**PROBLEM TO SOLVE**
Among these entries, how many lines have the string "MINI" in them? Only the number is needed.
####
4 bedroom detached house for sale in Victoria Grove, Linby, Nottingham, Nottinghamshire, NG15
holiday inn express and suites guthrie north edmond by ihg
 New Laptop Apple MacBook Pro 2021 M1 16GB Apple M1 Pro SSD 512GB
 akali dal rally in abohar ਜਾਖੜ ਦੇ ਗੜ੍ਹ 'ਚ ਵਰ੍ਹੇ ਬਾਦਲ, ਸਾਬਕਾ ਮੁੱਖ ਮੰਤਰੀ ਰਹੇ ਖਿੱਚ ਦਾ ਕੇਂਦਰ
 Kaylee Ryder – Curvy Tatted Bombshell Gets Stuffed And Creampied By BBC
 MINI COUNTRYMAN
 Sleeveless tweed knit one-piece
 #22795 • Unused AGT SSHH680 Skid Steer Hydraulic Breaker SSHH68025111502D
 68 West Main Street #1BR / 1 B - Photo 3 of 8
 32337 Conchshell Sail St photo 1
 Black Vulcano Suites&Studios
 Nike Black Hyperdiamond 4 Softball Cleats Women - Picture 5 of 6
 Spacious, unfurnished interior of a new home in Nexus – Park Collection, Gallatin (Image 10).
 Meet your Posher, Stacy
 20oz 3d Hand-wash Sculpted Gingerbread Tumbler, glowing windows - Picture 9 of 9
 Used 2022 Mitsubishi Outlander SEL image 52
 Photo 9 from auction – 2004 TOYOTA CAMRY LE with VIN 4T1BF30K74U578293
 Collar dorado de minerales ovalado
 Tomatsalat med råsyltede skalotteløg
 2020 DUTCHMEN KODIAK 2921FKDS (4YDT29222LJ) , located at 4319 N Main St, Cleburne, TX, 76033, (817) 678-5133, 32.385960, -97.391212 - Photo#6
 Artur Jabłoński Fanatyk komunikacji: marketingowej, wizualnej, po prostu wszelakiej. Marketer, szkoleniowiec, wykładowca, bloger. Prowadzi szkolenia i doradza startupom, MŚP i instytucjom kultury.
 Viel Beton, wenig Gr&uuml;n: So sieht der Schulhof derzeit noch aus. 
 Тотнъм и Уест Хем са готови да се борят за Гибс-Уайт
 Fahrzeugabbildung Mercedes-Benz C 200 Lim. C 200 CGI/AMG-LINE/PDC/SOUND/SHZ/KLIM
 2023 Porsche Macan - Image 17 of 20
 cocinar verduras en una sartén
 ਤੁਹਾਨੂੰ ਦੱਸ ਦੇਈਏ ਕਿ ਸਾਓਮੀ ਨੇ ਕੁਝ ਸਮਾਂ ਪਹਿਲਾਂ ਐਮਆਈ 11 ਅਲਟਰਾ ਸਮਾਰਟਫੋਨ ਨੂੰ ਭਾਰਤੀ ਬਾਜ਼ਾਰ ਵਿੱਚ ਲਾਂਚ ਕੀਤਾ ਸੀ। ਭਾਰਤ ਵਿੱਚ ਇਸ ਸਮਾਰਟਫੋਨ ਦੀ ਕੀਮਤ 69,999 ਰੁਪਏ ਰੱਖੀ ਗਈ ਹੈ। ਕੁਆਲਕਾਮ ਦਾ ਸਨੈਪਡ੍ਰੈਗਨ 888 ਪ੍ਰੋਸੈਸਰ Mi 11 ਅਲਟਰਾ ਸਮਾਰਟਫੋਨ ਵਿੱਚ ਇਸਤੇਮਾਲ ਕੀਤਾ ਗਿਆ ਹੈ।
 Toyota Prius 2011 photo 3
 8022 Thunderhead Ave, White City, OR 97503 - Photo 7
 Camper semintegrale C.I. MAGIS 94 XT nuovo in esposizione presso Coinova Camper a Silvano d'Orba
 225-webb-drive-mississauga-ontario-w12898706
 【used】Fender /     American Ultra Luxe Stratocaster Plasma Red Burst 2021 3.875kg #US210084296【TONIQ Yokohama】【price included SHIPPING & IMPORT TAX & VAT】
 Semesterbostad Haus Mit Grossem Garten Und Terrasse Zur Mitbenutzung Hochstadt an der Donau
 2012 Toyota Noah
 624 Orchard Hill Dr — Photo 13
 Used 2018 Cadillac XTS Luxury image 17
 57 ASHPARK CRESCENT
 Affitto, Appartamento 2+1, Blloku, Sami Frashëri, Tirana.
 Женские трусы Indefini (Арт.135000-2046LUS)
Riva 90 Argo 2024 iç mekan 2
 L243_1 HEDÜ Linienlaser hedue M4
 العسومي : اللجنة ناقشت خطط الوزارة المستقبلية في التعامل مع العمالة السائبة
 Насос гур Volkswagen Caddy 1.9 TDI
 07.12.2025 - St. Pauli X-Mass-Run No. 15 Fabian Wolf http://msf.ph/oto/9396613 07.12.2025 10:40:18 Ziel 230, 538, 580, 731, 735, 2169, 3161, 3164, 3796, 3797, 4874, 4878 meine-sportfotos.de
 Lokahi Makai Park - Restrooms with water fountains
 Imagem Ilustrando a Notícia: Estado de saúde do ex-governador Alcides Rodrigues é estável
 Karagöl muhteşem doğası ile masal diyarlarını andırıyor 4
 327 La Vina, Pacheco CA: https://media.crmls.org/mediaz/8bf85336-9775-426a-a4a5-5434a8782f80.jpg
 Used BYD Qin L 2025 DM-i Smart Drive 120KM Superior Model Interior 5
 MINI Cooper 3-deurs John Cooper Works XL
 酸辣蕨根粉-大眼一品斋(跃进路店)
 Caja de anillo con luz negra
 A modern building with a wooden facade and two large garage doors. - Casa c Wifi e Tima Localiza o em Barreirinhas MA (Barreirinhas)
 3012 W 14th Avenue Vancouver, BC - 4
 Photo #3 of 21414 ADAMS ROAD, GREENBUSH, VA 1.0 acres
####
**RESPONSE**
2